The Dynamic team shared its experience with implementing CCDA to FHIR in and our decision to emphasize the use of a document repository that creates FHIR resources on the fly. We have rolled this all the way up to a prototype mobile app for patient end-users, while our near terms goals include having Apple HealthKit talking directly to our Dynamic FHIR product.

Quality Measures – they’re everywhere

Clinical quality measures calculation from FHIR (or CCDA) remains a nascent field of inquiry. The data sources for CQMs currently in the field are overwhelmingly based on mapping measure logic to some existing relation data format used by the EHR. But as our team has shown in previous Connectathon events, CQM calculation can work hand-in-hand with FHIR.


With the advent of Clinical Quality Language (CQL) in 2019, there is further hope that this more interpretable logic will enable more interoperability in CQMs.
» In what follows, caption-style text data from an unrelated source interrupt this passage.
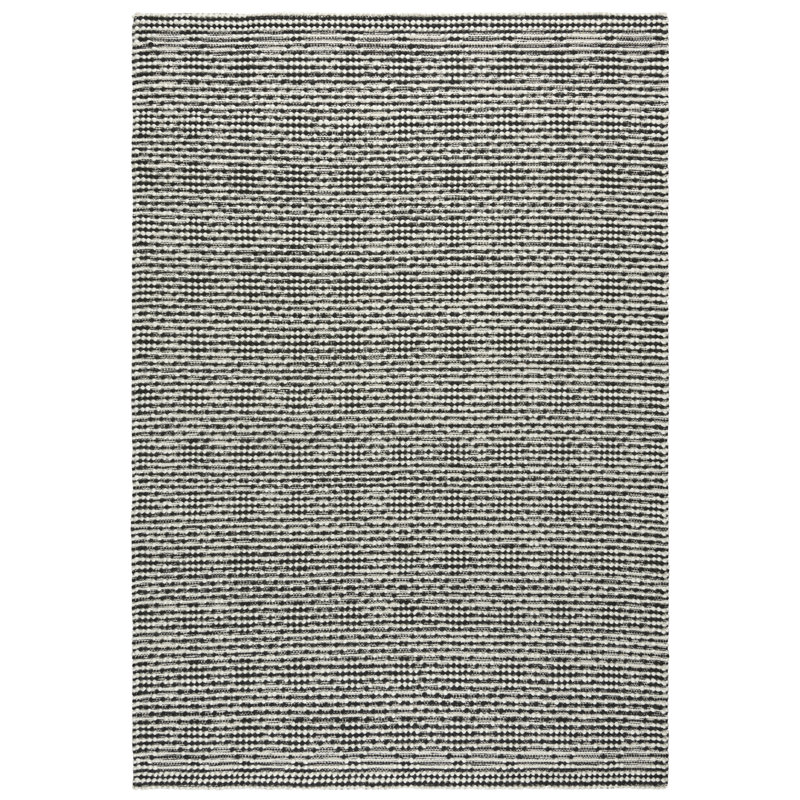Tapis noir en laine tissé à la main Doly, Rectangle 5 pi x 7 pi 6 po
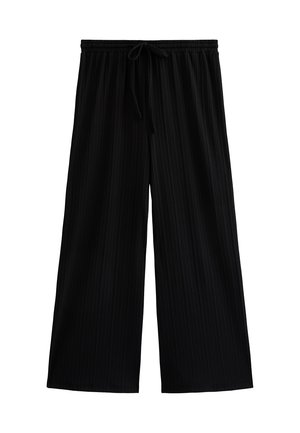 Pantalones de pierna ancha negros con un diseño texturizado y plisado. Cuenta con una cinturilla elástica con cordón ajustable para un ajuste personalizado.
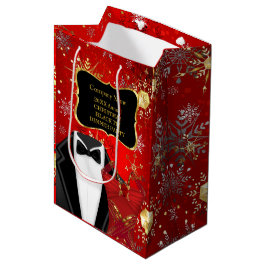 Sacola Para Presentes Média Festa de Natal Corporativa de Gravata Preta Vermel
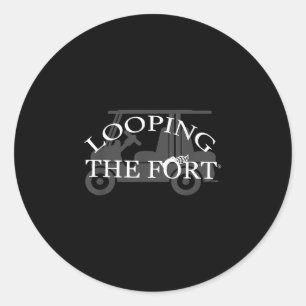 Golf cart looping the fort camping fun classic round sticker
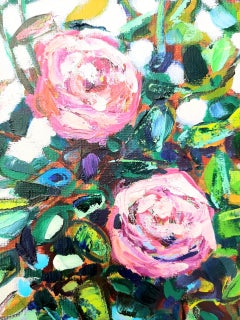 Lavender and Roses -contemporary still-life colourful table oil painting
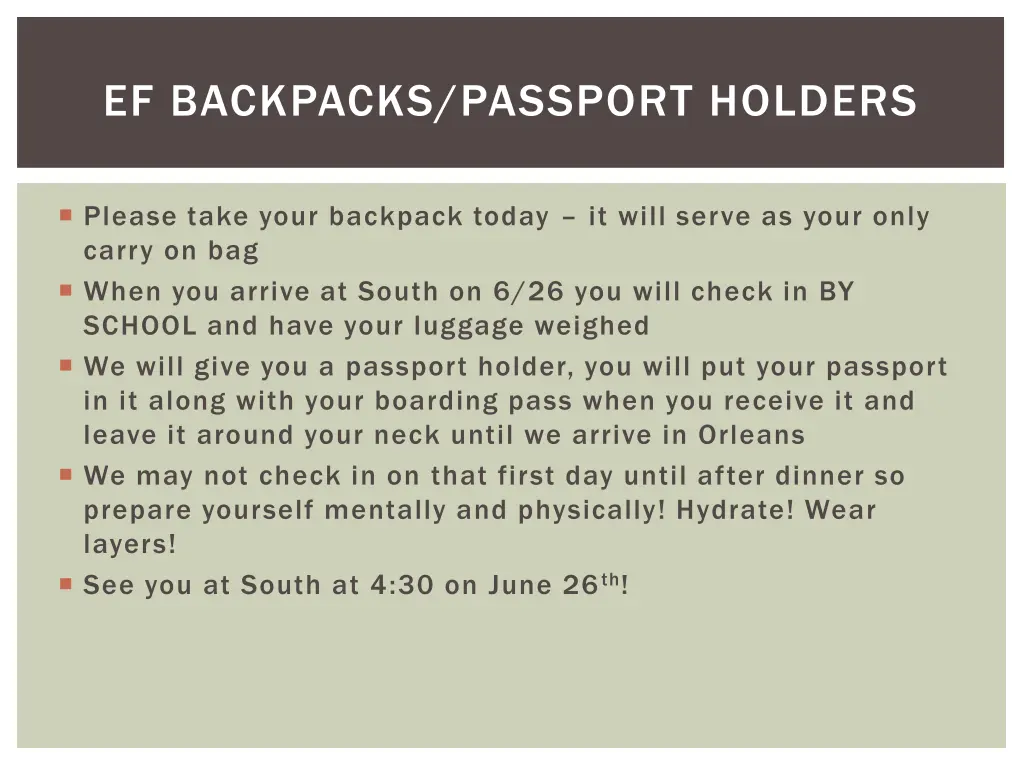 ef backpacks passport holders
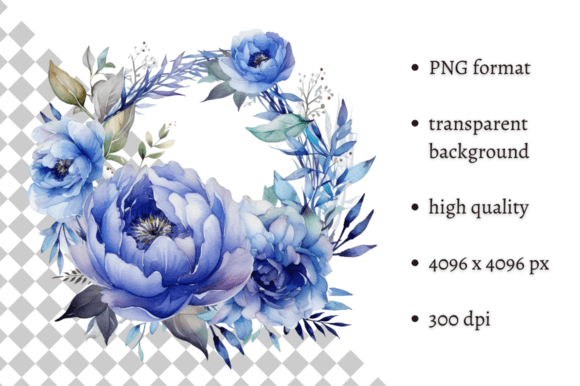 Download Watercolor Blue Peonies PNG Clipart - Watercolor Collection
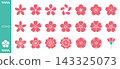Japanese-style design set of cherry blossom icons and crests | Symbol materials of cherry blossoms and floral crests 143325073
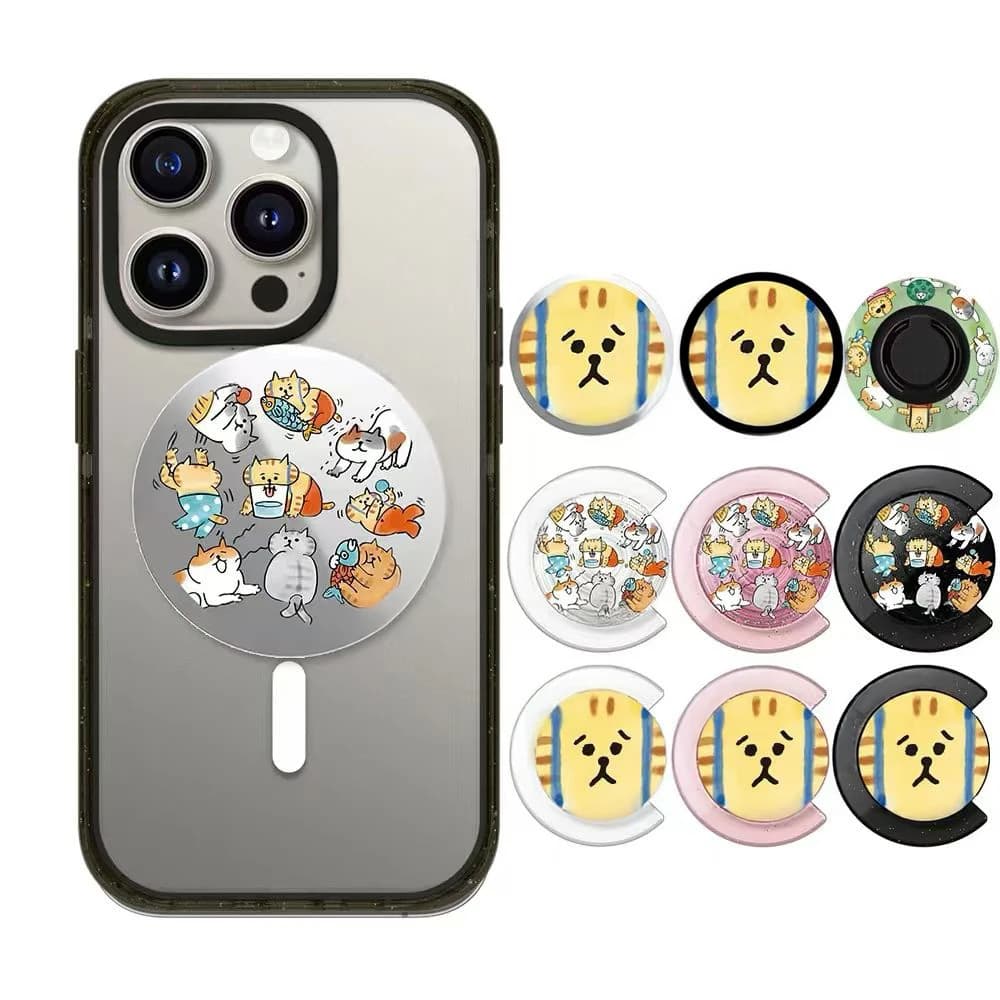 Cat Face Cartoon Magnetic Phone Grip Phone Stand for IPhone Holder Mount Support for Galaxy Mobile Phone Accessories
In theory, CQL files should be easier to create, read and share across domains beyond CQM compliance (for instance, clinical decision support). And by extension, they should dovetail more easily with FHIR resources.

There is plenty of cause for optimism here, including the fact that the team beyond CQL offers a wealth of open source tooling and some emerging recommendations that CQM programs support more of the code systems under 2015 Edition.
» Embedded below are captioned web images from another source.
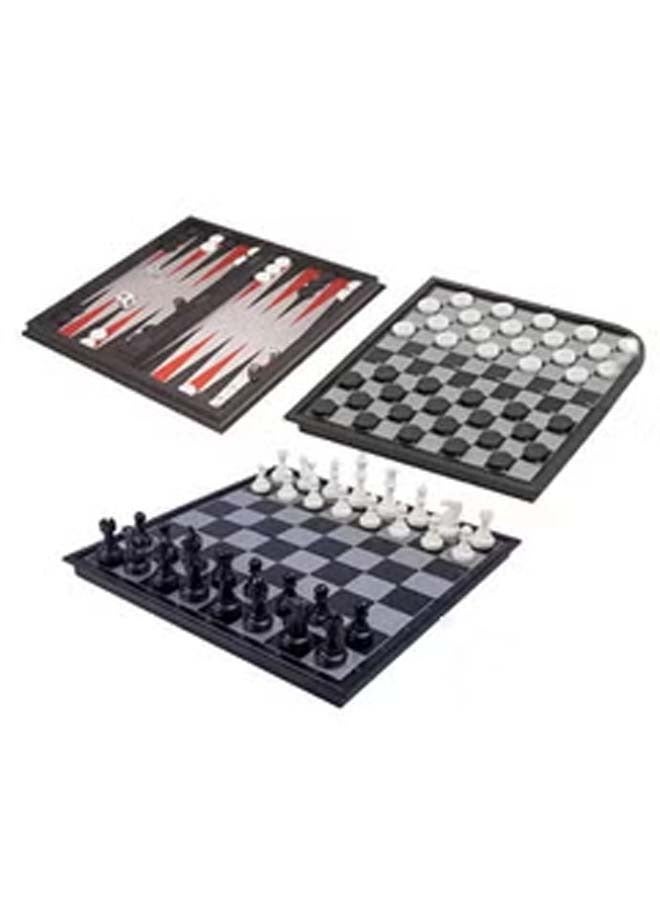 3-In-1 Magnetic Chess And Checkers With Backgammon Game Set 29 centimeter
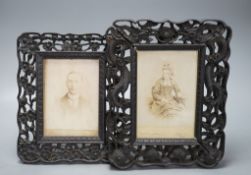 A Chinese carved hongmu ‘dragon’ photo easel frame and a similar ’prunus’ frame, c.1900 (2) Dragon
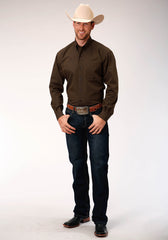 Roper Mens Brown Solid Black Fill Twill  Long Sleeve Button Western Shirt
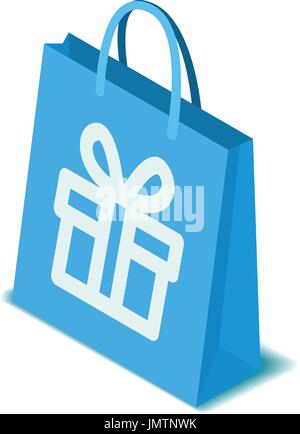 Paper shopping bag icon, isometric style Stock Vector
Here is another example of the way in which clinical documents are colliding with CQMs:  The CPC+ program, which includes a subset of required CQMs, will also be requiring the output of a Care Plan document. Dynamic Health IT, along with a handful of other vendors, has previously implemented the Care Plan C-CDA in a production environment.

Connecting and collaborating.


C-CDA Scorecard rubric updates
Many EHRs have implemented some version of incoming C-CDA grading consistent with 2015 Edition. Use of the ONC-engineered Scorecard Tool is not required for certification, but some form validation similar to that made available by ONC via API is needed. The Scorecard, which provides the additional flourish of a letter grade, was ONC’s way of allowing users to check the quality of the C-CDA from a sending system and provide a channel for accountability.

However, there has been some pushback by EHRs that the analysis provided by the tool is too blunt and users of the tool are getting caught up in the grade, as opposed to what the grade represent (not unlike college). EMR vendors seem to prefer a Progress Bar allowing the end-user to understand where progress can be made to improve the provided data. 

ONC has some enhancements coming to provide more meaningful feedback to implementers by indicating the number of tests graded and number of tests passed, while indicating the number of unique issues.

There has also been a request from EHR vendors for more clarity in error messaging, which may be addressed in part by further education.